Method of expressing concentration of solution Questions in English

(A) Molality $(m)$ is defined as the number of moles of solute per kilogram of solvent.
Given $m = 5.2 \ mol/kg$,this means there are $5.2 \ moles$ of $CH_3OH$ in $1000 \ g$ $(1 \ kg)$ of water.
Moles of water $(n_{H_2O})$ = $\frac{1000 \ g}{18.02 \ g/mol} \approx 55.55 \ moles$.
Mole fraction of $CH_3OH$ $(x_{CH_3OH})$ = $\frac{n_{CH_3OH}}{n_{CH_3OH} + n_{H_2O}}$.
$x_{CH_3OH} = \frac{5.2}{5.2 + 55.55} = \frac{5.2}{60.75} \approx 0.0856$.
Rounding to the nearest provided option,the value is approximately $0.08$.

(A) Given: Mole fraction of solute $(x_2)$ = $0.2$.
Therefore,mole fraction of solvent (benzene,$x_1$) = $1 - 0.2 = 0.8$.
Molality $(m)$ is given by the formula: $m = \frac{x_2 \times 1000}{x_1 \times M_1}$,where $M_1$ is the molar mass of the solvent (benzene,$C_6H_6$).
Molar mass of benzene $(M_1)$ = $(6 \times 12) + (6 \times 1) = 78 \ g/mol$.
Substituting the values: $m = \frac{0.2 \times 1000}{0.8 \times 78} = \frac{200}{62.4} \approx 3.205 \ m$.
Rounding to the nearest option,$X \approx 3.2$.

(A) For $HCl$,the normality $(N)$ is equal to the molarity $(M)$ because the $n$-factor is $1$.
Thus,$0.5 \ (N) \ HCl = 0.5 \ (M) \ HCl$.
The formula for the molarity of a mixture is $M_{mix} = \frac{M_1V_1 + M_2V_2}{V_1 + V_2}$.
Here,$M_1 = 0.5 \ M$,$V_1 = 750 \ mL$,$M_2 = 2 \ M$,and $V_2 = 250 \ mL$.
$M_{mix} = \frac{(0.5 \times 750) + (2 \times 250)}{750 + 250} = \frac{375 + 500}{1000} = \frac{875}{1000} = 0.875 \ M$.
Rounding to two decimal places,the answer is $0.87 \ M$.

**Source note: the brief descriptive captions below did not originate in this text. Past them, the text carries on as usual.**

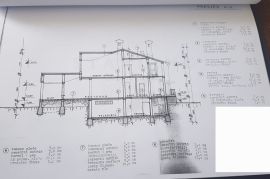 2 KUĆE SA POSLOVNIM PROSTOROM, PRODAJA, UMAG, 650 M2, Umag, Haus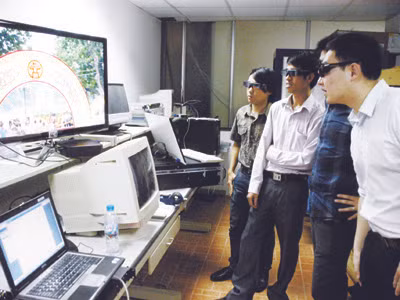 Xem truyền hình 3D thực nghiệm . Ảnh: Phạm Yên Xem truyền hình 3D thực nghiệm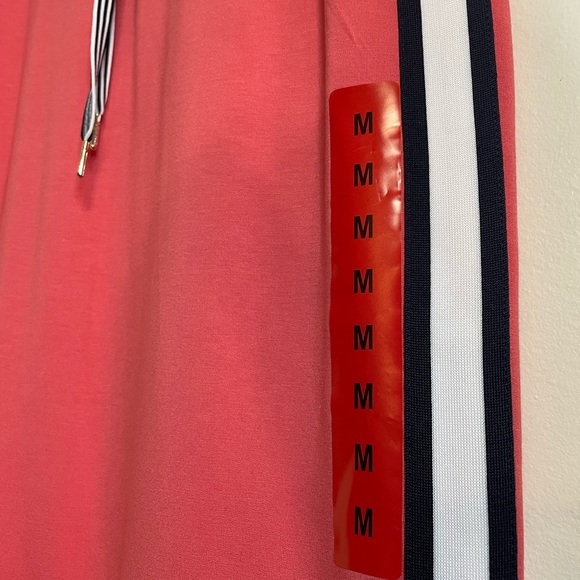 Women’s Tommy Hilfiger 3/4 Skirt Pink White & Navy Blue Size Medium Side Stripes - Picture 3 of 8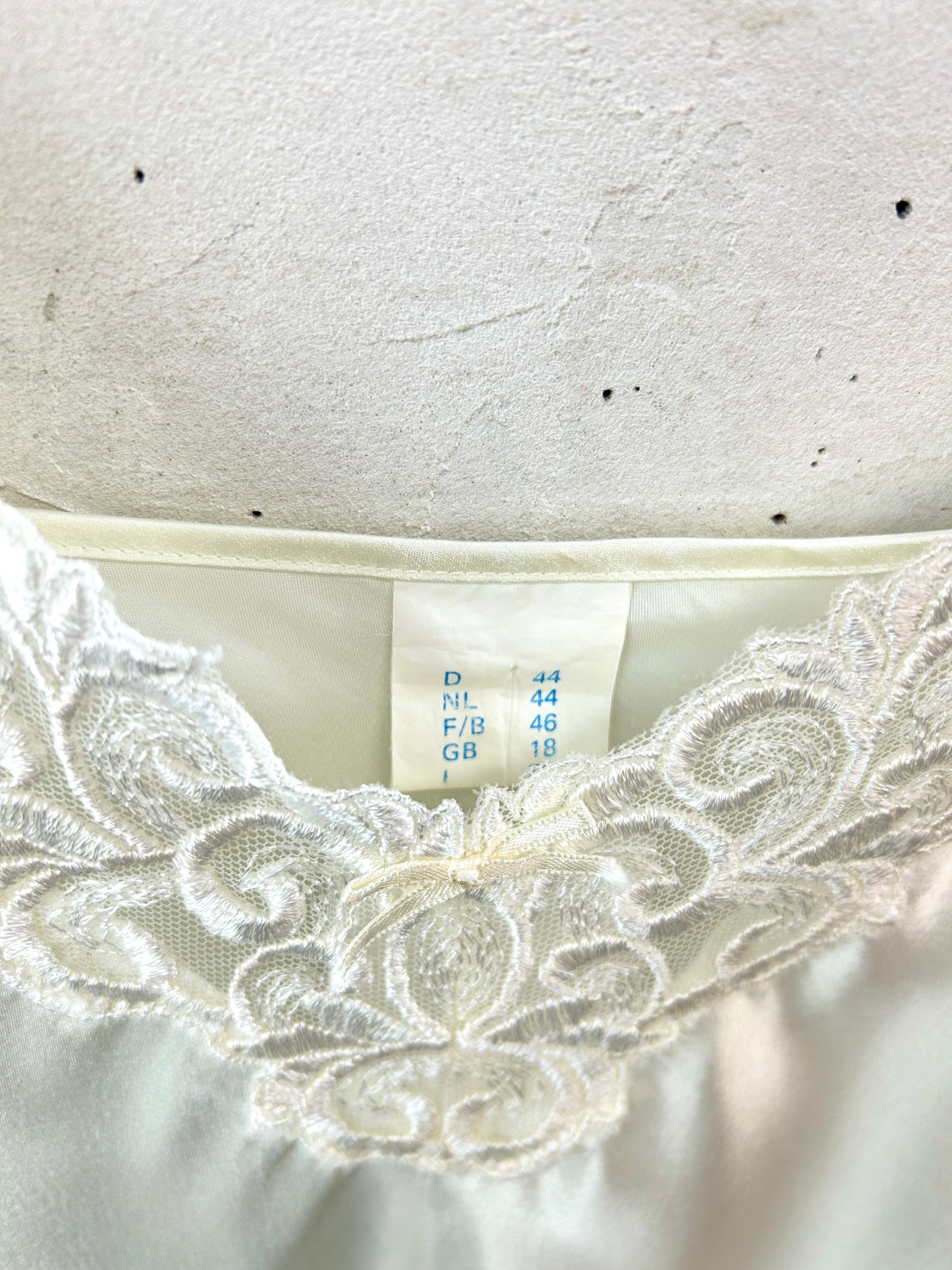 Vintage Camisole Tops [H33363]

(A) Molality $(m)$ is defined as the number of moles of solute per kilogram of solvent.
Statement-$2$ correctly defines $1$ molal solution as $1$ mole of solute in $1000 \ g$ $(1 \ kg)$ of water.
For glucose $(C_6H_{12}O_6)$,the molar mass is $180 \ g/mol$.
Therefore,$1$ mole of glucose is $180 \ g$.
Since Statement-$1$ states that $1$ molal glucose solution contains $180 \ g$ of glucose in $1000 \ g$ of water,it is also true.
Statement-$2$ provides the definition of molality,which explains why $1$ mole $(180 \ g)$ of glucose in $1000 \ g$ of water constitutes a $1$ molal solution.
Thus,Statement-$2$ is the correct explanation for Statement-$1$.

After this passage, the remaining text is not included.